You see, I spent about 15 years supporting local singer/songwriters on the coffeehouse circuit in the Twin Cities of Minneapolis/St. Paul, MN. I credit that time in my life for opening the door for the support I'm blessed with doing here today for the Nashville singer/songwriter community. In the Twin Cities I bonded with many artists and coffeehouses and saw them come and go and change with the times. We rejoiced when we watched singers and writers progress from debuting their first CDs in such coffeehouses to making a living with their music and becoming touring artists.

Red Tree is one such sweet coffeehouse in Kingston Springs that holds that intimate, friendly atmosphere I've loved so much. Two sisters from Arkansas, Amy and Katie, serve up tasty coffee and other goodies and are two "cheerleaders" with great enthusiasm for the music they present every Friday night. This evening, the musical feature was one favorite singer of mine and one new to me.

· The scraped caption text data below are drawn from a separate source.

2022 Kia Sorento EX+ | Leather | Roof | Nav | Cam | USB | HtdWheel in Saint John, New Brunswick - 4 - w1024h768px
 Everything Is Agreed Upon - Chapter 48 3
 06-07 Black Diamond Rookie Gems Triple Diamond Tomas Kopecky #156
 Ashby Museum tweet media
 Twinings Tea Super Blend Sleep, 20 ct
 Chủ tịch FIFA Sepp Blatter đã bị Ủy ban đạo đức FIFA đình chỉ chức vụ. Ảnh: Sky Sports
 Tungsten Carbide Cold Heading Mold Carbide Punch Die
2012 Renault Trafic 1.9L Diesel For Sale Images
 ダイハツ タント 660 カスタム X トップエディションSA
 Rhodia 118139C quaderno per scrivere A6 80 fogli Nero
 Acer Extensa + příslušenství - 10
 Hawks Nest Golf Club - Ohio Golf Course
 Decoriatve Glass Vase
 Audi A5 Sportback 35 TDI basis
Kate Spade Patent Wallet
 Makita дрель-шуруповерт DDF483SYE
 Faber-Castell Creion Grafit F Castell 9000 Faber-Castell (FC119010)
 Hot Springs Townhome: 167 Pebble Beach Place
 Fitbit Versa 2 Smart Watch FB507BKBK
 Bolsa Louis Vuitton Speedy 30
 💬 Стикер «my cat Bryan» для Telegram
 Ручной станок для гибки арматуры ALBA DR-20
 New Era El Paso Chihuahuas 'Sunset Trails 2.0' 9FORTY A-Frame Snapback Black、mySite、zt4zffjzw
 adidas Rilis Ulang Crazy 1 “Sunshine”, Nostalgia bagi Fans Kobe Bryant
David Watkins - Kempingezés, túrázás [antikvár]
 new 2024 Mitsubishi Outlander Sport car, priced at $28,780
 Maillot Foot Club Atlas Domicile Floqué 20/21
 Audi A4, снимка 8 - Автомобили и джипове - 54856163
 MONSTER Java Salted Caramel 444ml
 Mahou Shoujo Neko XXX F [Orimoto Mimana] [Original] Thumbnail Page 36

Now, if you are a true fan of someone and you go to their show, the one thing you want to have happen most is to see that artist or group succeed with a great crowd that is totally attentive and enthusiastic. Those of you who have been reading this blog for some time know I've been on record about George Adams and how I think he's one of this town's greatest talents with a heartbreakingly beautiful, hit the tuning fork of the heart, flip your soul upside down and backwards voice. This night pulled together the best elements of the last couple of times I've seen him. His 45 minute set combined his own strong material with some covers. As I told you last October, George adds first class artistry to well-known songs, and in particular he brought it with "What's Going On", showing off that awesome vocal range of his, and Larry Gatlin's "I've Done Enough Dying Today." He had a good sized, mega-receptive crowd. I couldn't have been more thrilled for him.

It was also a pleasure to hear Louise Mosrie, a fine singer/songwriter with a lovely voice, solid material and engaging presence. One favorite of mine was "Don't Come Looking For Me" and the aforementioned Amy and Katie obviously loved "God Lives In Arkansas". Louise will be playing a few shows around town and is working on a new CD, so I'll be keeping an ear out for her, I'm sure.

As for Red Tree, I'll be back...they've got a couple of good friends of mine playing there in the coming weeks.

I'm very thankful for the presence of some friends who I invited to come down to join me for the show and help show support. I also thought about the friends I've been bumping into at all these events on this jam-packed schedule of mine (see the previous blog entry). How fitting it was that, as I was heading home, I turned on the radio and heard Michael W. Smith singing "Friends" on the Grand Ole Opry. I know it had to be God winking. I felt very lucky on this Friday the 13th.

I love my friends in this town and I love this town.

Thursday, February 12, 2009

Plugged In Entertainment Writers Night, Blue Bar, 2/11/09

My bemoaning saga of too many great things going on in one night in this town continues...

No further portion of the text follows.